The 52mm kits can make serious HP and torque.

Squish permitted you can leave the base gasket out. It will NOT hurt upper RPM. In fact a standard 372 will be in envy. It will increase the intake duration. I dont widen the inlet, i just flair it out into the cylinder. Keep velocity up. The exhaust can be raised. It works out to be about 1mm. Widen the exhaust. Alot of material comes out of here. Leaving the upper transfers at this stage will have a saw that will scream. I raise my upper transfers a little which will bring the RPM down a bit but make it so much more torquey. It will hold in the cut so much better. The lower transfers get the most amount of work. Drop the trans wall at the cyl 5mm below the base surface. Sharpen the transfer wall at the cylinder.

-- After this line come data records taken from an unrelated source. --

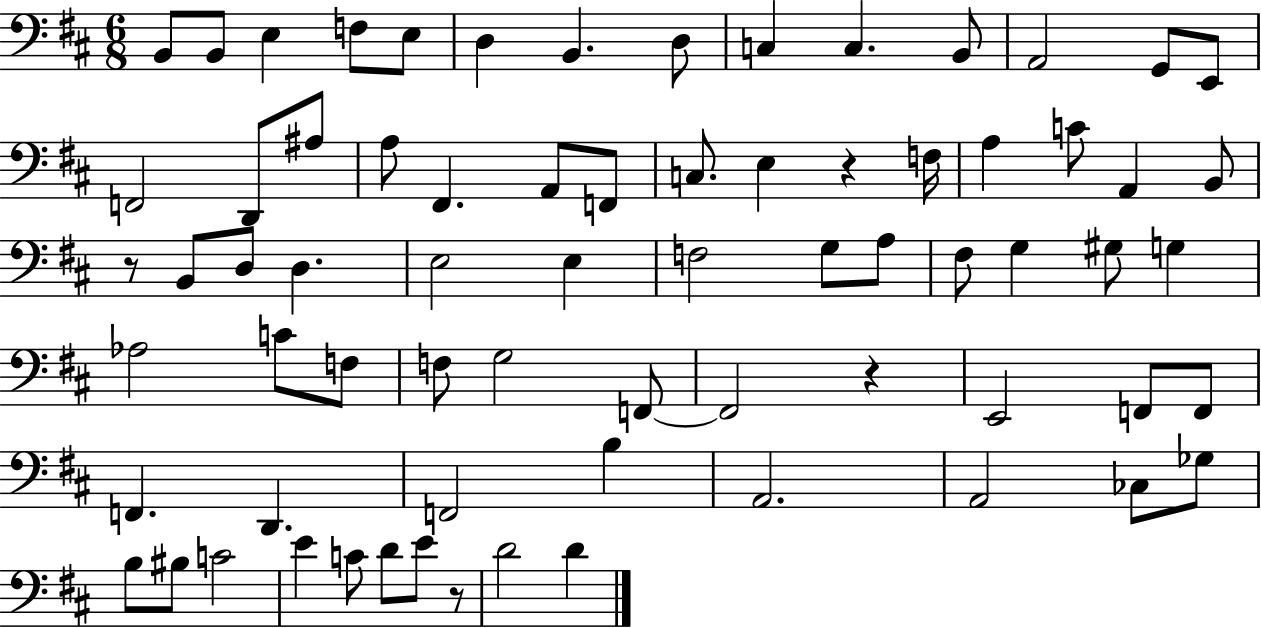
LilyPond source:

{
  \clef bass
  \numericTimeSignature
  \time 6/8
  \key d \major
  \repeat volta 2 { b,8 b,8 e4 f8 e8 | d4 b,4. d8 | c4 c4. b,8 | a,2 g,8 e,8 | \break f,2 d,8 ais8 | a8 fis,4. a,8 f,8 | c8. e4 r4 f16 | a4 c'8 a,4 b,8 | \break r8 b,8 d8 d4. | e2 e4 | f2 g8 a8 | fis8 g4 gis8 g4 | \break aes2 c'8 f8 | f8 g2 f,8~~ | f,2 r4 | e,2 f,8 f,8 | \break f,4. d,4. | f,2 b4 | a,2. | a,2 ces8 ges8 | \break b8 bis8 c'2 | e'4 c'8 d'8 e'8 r8 | d'2 d'4 | } \bar "|."
}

Use a base gasket as a template to cut back the trans so it matches the cases. Do not open up/enlarge the transfers at all. Only neaten them if required. Have a look in there. If there is any inconsistency or it doesnt match the other side, take your time and get the matching. No sharp corners. Flow hates them. Good velocity and entrance to these is key. I angle the uppers more toward the inlet.

Its been along time. If i can find some numbers ill post them including blowdown.

Also the Stihl meteor 064 piston machined into a popup is a very good option for the 52mm bore.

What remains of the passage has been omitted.